Esempio di Menù Giornaliero

  • Colazione: Un caffè o un tè senza zucchero, un frutto di stagione (ad esempio un’arancia), una manciata di semi di lino.
  • Spuntino: Un frutto di stagione e una manciata di noci.
  • Pranzo: Pinzimonio di verdure, pennette con pomodoro e merluzzo, insalata condita con olio extravergine d'oliva e limone.
  • Merenda: Pane integrale con un cucchiaio di ricotta.
  • Cena: Insalata mista, fesa di tacchino alle erbette aromatiche, spinaci saltati in padella con olio extravergine d'oliva.

L'Importanza dell'Attività Fisica

Finora abbiamo trattato il tema dell’alimentazione, certamente rilevante ai fini del mantenimento di livelli di glicemia nella norma. Molto può fare l’attività fisica, che esercita un’azione sia diretta che indiretta. Come tale, il movimento favorisce la combustione degli zuccheri introdotti con l’alimentazione.

Fondamentale la costanza: una bella camminata a passo veloce, o una corsetta sul tapis roulant in alternativa, la bicicletta oppure la cyclette dovrebbero costituire l’allenamento quotidiano. E se preferisci allenarti in palestra, ok anche all’ellittica.

Da abbinare, tre volte alla settimana, a manubri & Co. per il lavoro di tonificazione, quindi finalizzato all’aumento della forza e della massa muscolare.«La quantità di quest'ultima è inversamente associata all’insulinoresistenza. Il muscolo scheletrico, infatti, migliora il controllo glicemico, perché utilizza il glucosio come fonte energetica oppure lo immagazzina sotto forma di glicogeno.

Strategie Aggiuntive per il Controllo della Glicemia

Ci sono diverse strategie per abbassare il livello di glucosio nel sangue. Per mantenere la concentrazione di glucosio nel sangue entro limiti accettabili vengono prescritti, quando indicati, farmaci ipoglicemizzanti orali oppure iniezioni di insulina.

Per mantenere bassa la glicemia è bene bere la giusta quantità di acqua.

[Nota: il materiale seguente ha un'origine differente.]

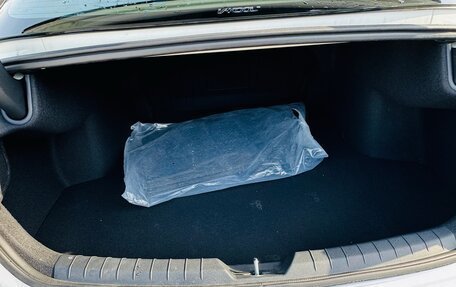 KIA K5, 2025 год, 3 950 000 рублей, 18 фотография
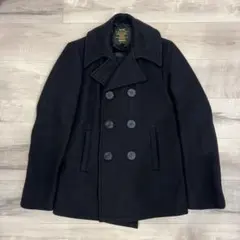 FIDELITY Pea Coat フィデリティー　Pコート　メンズのサムネイル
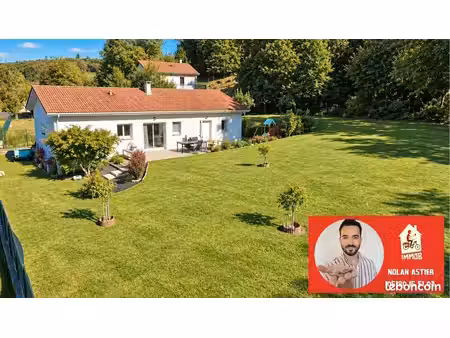 maison 4 pièces 97 m²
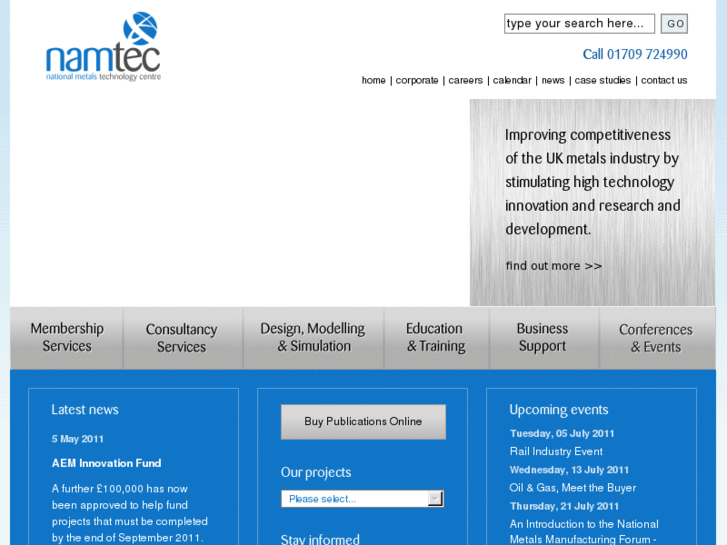 www.namtec.co.uk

Tenere bassa la glicemia: hai provato il caffè verde? Il caffè verde una varietà non tostata, che si presenta sotto forma di chicchi “crudi”. Ha proprietà antinfiammatorie, antiossidanti e ipoglicemizzanti maggiori rispetto al caffè nero tradizionale perché mantiene elevato il contenuto di acido clorogenico, che viene per buona parte eliminato dal processo di tostatura. Questa sostanza sembra anche essere in grado di migliorare la sensibilità all’insulina.

Consigli Extra

  • Fibre: Il maggior apporto di carboidrati deve essere sostenuto dai cereali integrali (avena, riso, farro, orzo, miglio, frumento, mais), dagli pseudocereali (quinoa, amaranto, grano saraceno) e dai legumi (lenticchie, fagioli, ceci, soia).
  • Dolci: Nessuno ti nega il dolcetto: nella nostra dieta c'è pure il cioccolato... ma l'imperativo è: ridurre, ridurre, ridurre! Il dolce lo trovi anche nella frutta fresca, fonte di vitamine e minerali.
  • Proteine e Grassi: Per le prime punta su un mix tra quelle di origine vegetale e animale: legumi, pesce, carni bianche e latticini magri, come lo yogurt greco. Per i grassi, concentrati sui capisaldi della dieta mediterranea, come l’olio evo e la frutta a guscio.

Se hai ricevuto una diagnosi di diabete, sindrome metabolica o resistenza insulinica o di un qualsiasi altro disturbo metabolico, ti consigliamo di rivolgerti a un medico nutrizionista per un consulto personalizzato.